__SUPPLIED DATA__.
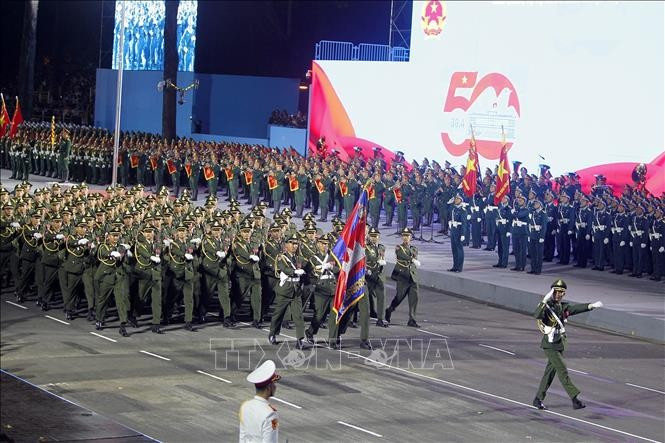 El desfile de las fuerzas armadas reales de Camboya. (Fuente: VNA) 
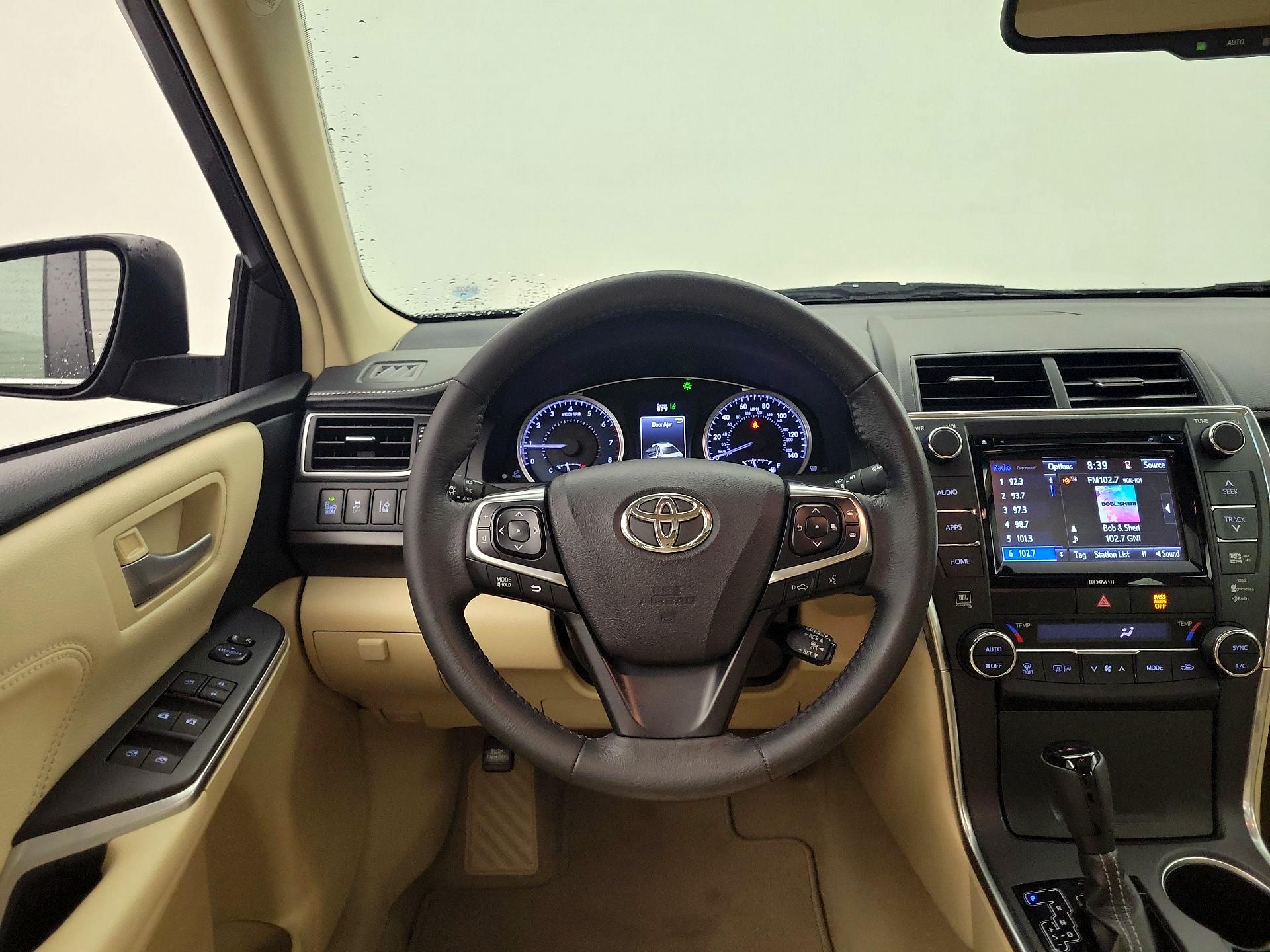 Thumbnail: 2017 Toyota Camry - 10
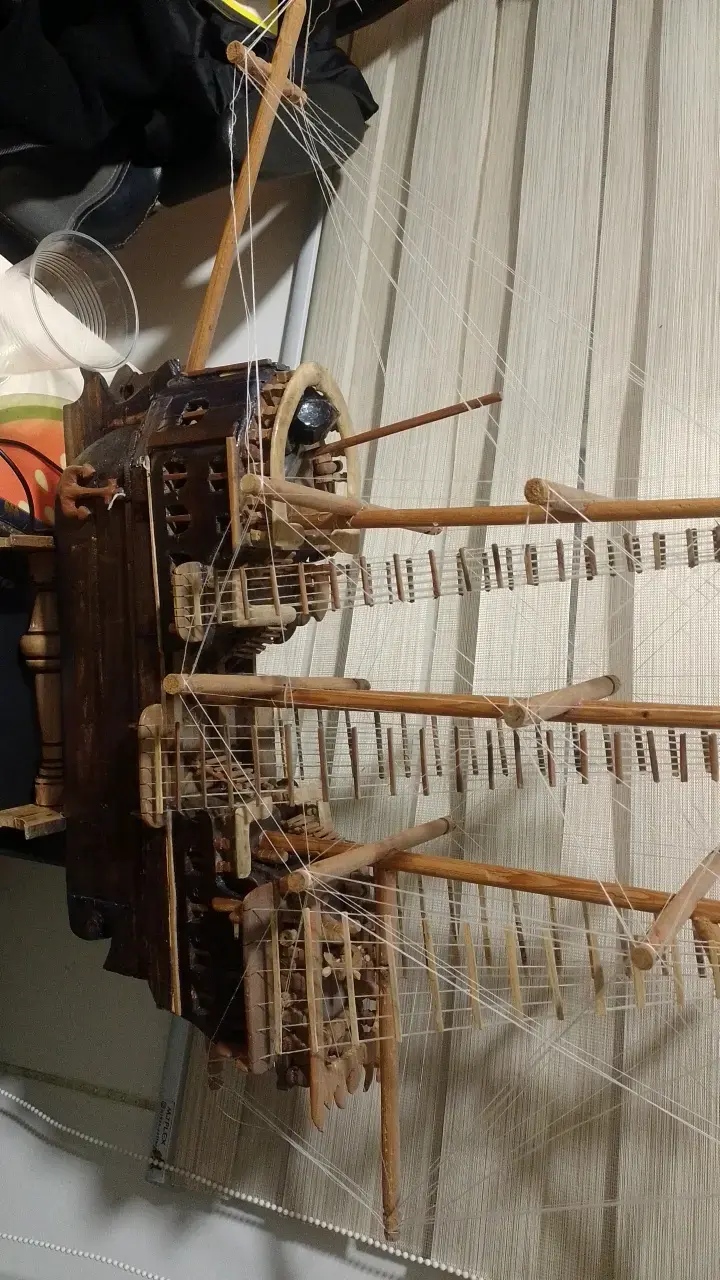 Maqueta de barco de madera artesanal - 4
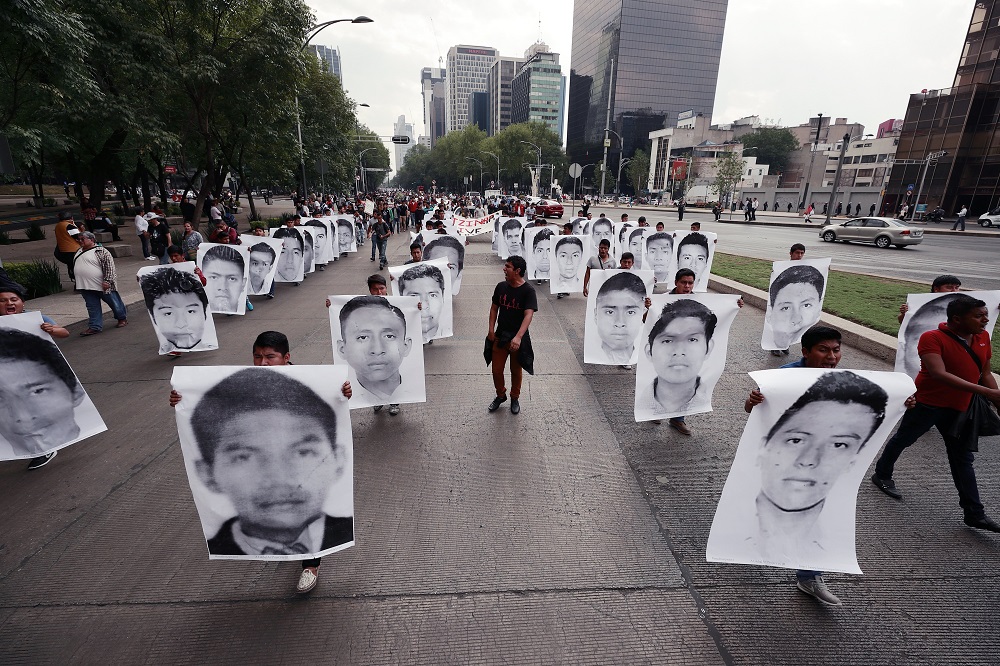 Μεξικό: Χιλιάδες άνθρωποι απαίτησαν δικαιοσύνη για τρεις δολοφονημένους φοιτητές
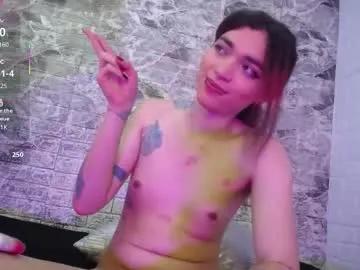 Freechat maevekuro on Chaturbate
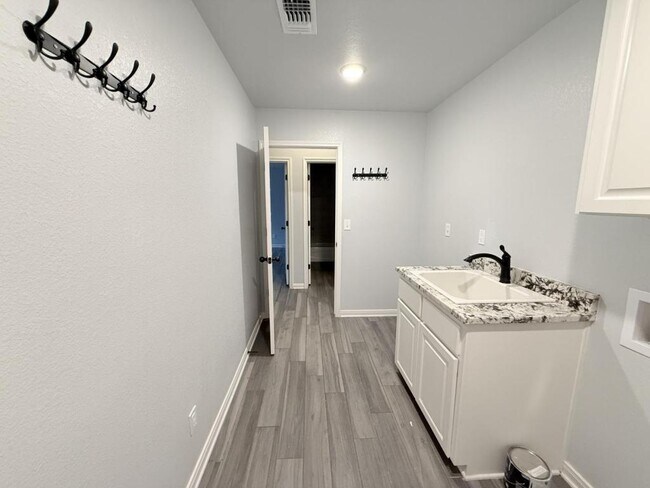 Building Photo - 8301 Grayson Trl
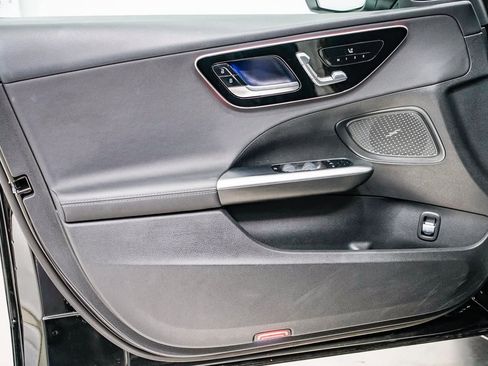 Used 2025 Mercedes-Benz C 300 Sedan image 19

__ACTIVITY__.
Only the lines from the top of the records through the line with "Building Photo - 8301 Grayson Trl" belong in the copy; write them out exactly, leaving out pictures.

__RESULT OF THIS TASK__.
 El desfile de las fuerzas armadas reales de Camboya. (Fuente: VNA) 
 Thumbnail: 2017 Toyota Camry - 10
 Maqueta de barco de madera artesanal - 4
 Μεξικό: Χιλιάδες άνθρωποι απαίτησαν δικαιοσύνη για τρεις δολοφονημένους φοιτητές
 Freechat maevekuro on Chaturbate
 Building Photo - 8301 Grayson Trl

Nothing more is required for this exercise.